McKibben's advice is to “put up solar panels at the fastest pace that is possible to imagine, stop all fossil fuel mining and drilling on public lands, and stop the expansion of all fossil fuel infrastructure.”
O’Hanlon believes there needs to be comprehensive action to combat climate change within the first 100 days of the next president’s administration.
“And that means moving to 100% clean and renewable energy,” he said.
The Sunrise Movement, whose army of students is bipartisan, camped outside of House Speaker Nancy Pelosi’s office to push the Green New Deal and helped to spread the word about it by organizing more than 250 town halls across the country. They say they will go after Democrats if they are not strong enough in their actions towards climate change.
“We can build a broad coalition that crosses party lines,” O’Hanlon said.
Oppenheimer told NBC that whoever is elected president “needs to take a thorough look at the science of climate change, which continues to move forward very rapidly, and develop a comprehensive policy to address the problem in light of recent reports by the Intergovernmental Panel on Climate Change, which underscores an urgency about dealing with the problem.”
The report from the United Nations warns that if the temperature rises by more than 1.5 degrees Celsius, the effects will be dire. The enormous changes needed to avoid such a catastrophe has “no documented historic precedent,” the report says.

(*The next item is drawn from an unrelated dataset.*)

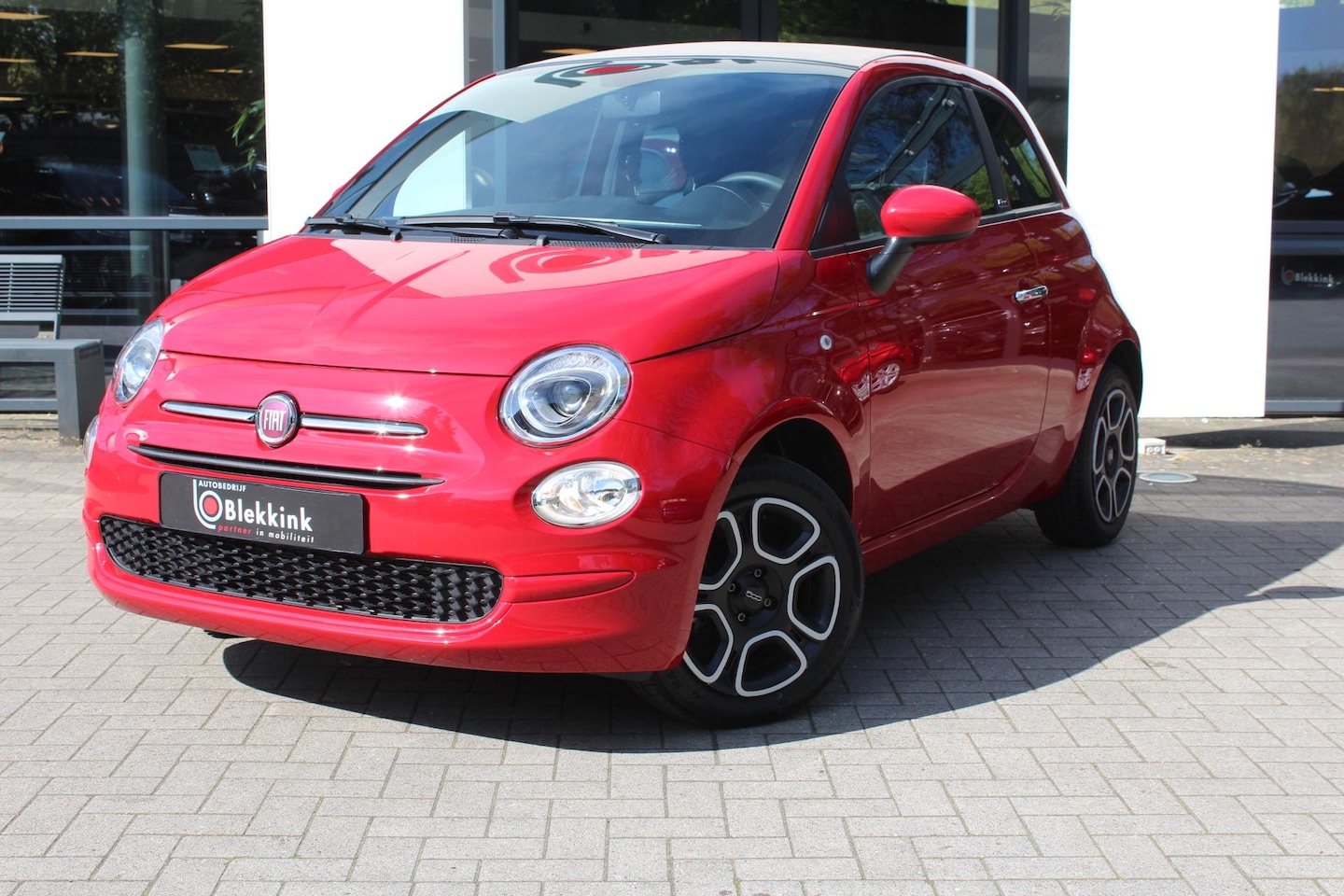 Fiat 500 C - 1.0 Hybrid Club 1.0 Hybrid Club - AutoWereld.nl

Oppenheimer, who is also a professor of geosciences and international relations at Princeton University, said that “longstanding theory and international relations, which seems to be working out, unfortunately in the climate change arena, states that countries will belly up to the bar and do much more than they would do if they were acting alone if they know other countries are going to act as well. No one country can solve this problem.”
“We’ve got to get back in the ball game and resume international leadership or else the problem is just never going to get solved,” he said.
McKibben told NBC: “I think that the Paris accords are very important, but I don't think anyone will take us seriously now on them unless we're doing really crucial things in our own country.”
Students are becoming more aware of how detrimental the effects of climate change can be on their future. Stephen O’Hanlon used to be a climate change denier. Now, he is a leader of the Sunrise Movement.
“We started this movement because saw that the climate crisis was getting worse and our political leaders weren't taking kind of action that we needed,” he said.
To be taken seriously by his generation, candidates must pledge not to take money from fossil fuel executives, their lobbyists or front groups and instead prioritize the health of families, climate and democracy over fossil fuel industry profits.
McKibben said he thought a majority of Americans understood the dangers the world is facing. He pointed to organizations like his. 350.org and The Sunrise Movement and young activists like Haven Coleman, 13, a co-founder of US Youth Climate Strike. She and others around the world have been inspired Sweden's Thunberg, who began her strikes last year.
He said he did not worry about those who do not, whether for ideological or other reasons.
“The real job is to get those who are worried about climate change, active and engaged in this fight,” he said. “And if we do that, we'll have plenty of people to carry the day.”